(What to do):
In the entries that follow, the lines from the one with "2016-2020 Honda HR-V" through the one with "Hoofdafbeelding Volkswagen Passat" are the ones to write out, exactly and with both ends included. Nothing else should appear.

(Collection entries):
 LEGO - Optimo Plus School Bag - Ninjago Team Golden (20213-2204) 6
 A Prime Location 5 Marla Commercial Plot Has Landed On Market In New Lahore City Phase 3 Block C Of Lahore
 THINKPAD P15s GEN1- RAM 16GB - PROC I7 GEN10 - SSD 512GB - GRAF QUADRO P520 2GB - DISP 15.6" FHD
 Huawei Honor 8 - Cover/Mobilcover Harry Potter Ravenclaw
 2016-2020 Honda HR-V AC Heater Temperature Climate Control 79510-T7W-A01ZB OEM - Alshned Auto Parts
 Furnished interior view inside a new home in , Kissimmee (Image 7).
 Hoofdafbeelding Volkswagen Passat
--
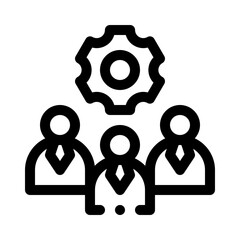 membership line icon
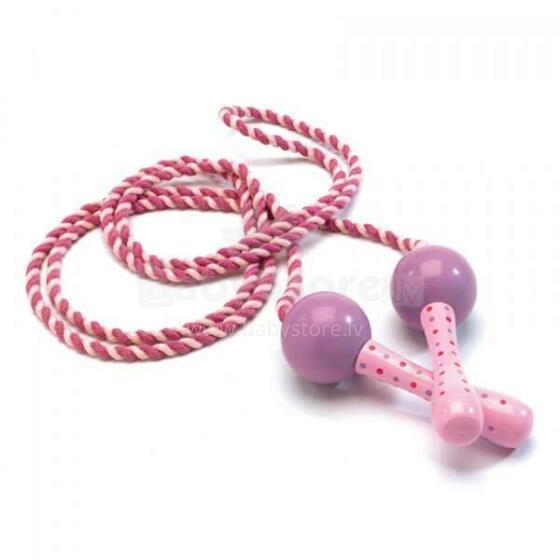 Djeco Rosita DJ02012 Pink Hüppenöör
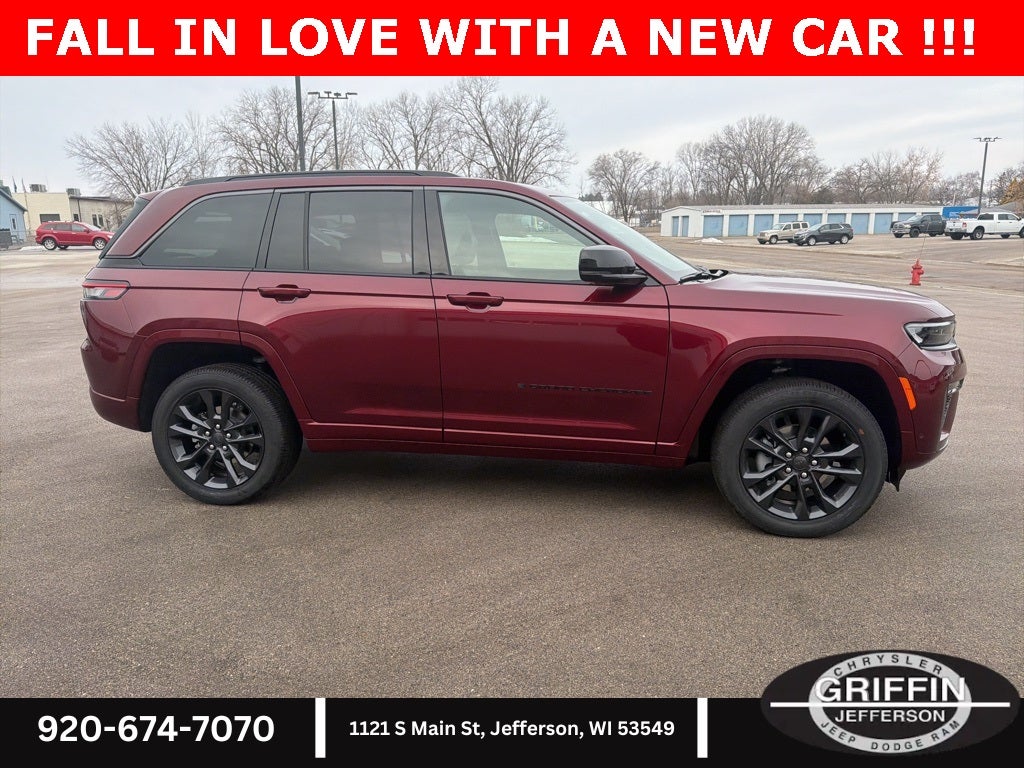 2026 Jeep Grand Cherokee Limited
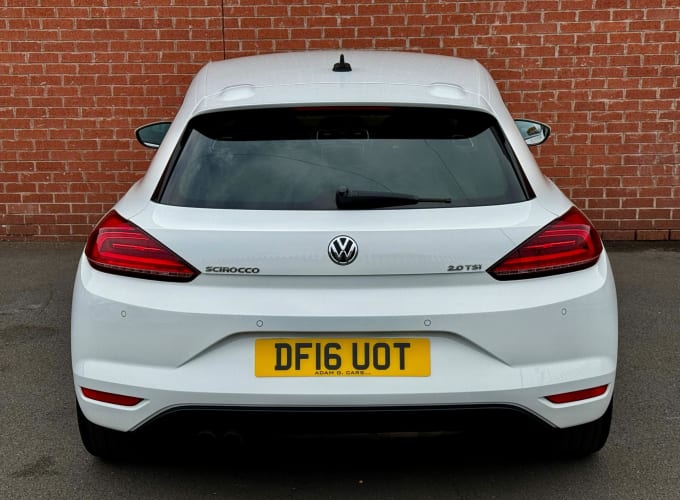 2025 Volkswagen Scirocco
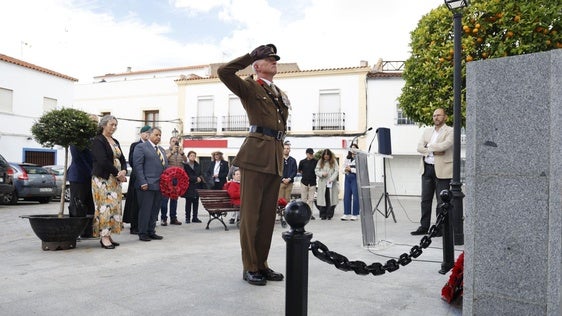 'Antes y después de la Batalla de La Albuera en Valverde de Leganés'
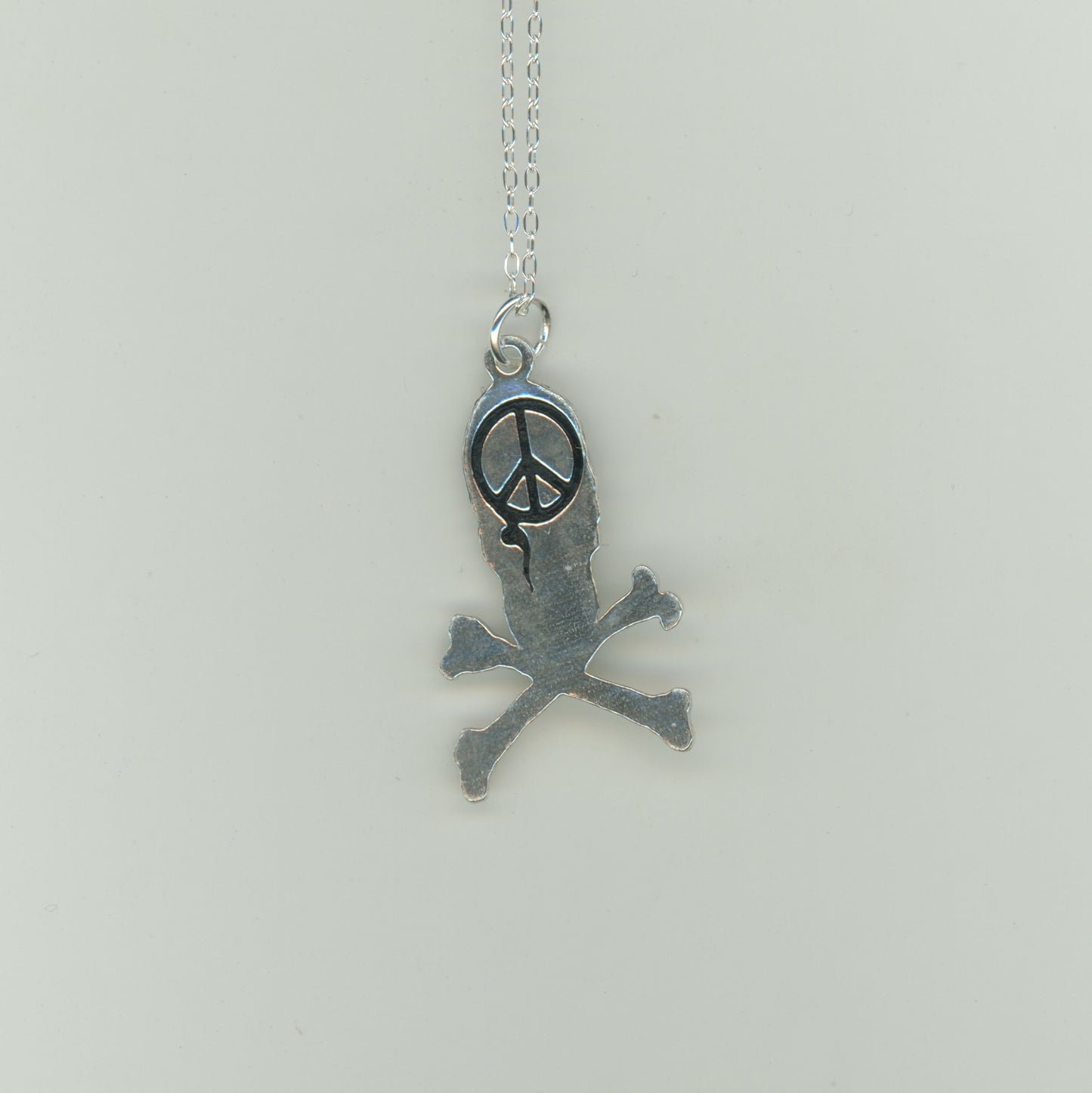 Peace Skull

(Response to the task):
 2016-2020 Honda HR-V AC Heater Temperature Climate Control 79510-T7W-A01ZB OEM - Alshned Auto Parts
 Furnished interior view inside a new home in , Kissimmee (Image 7).
 Hoofdafbeelding Volkswagen Passat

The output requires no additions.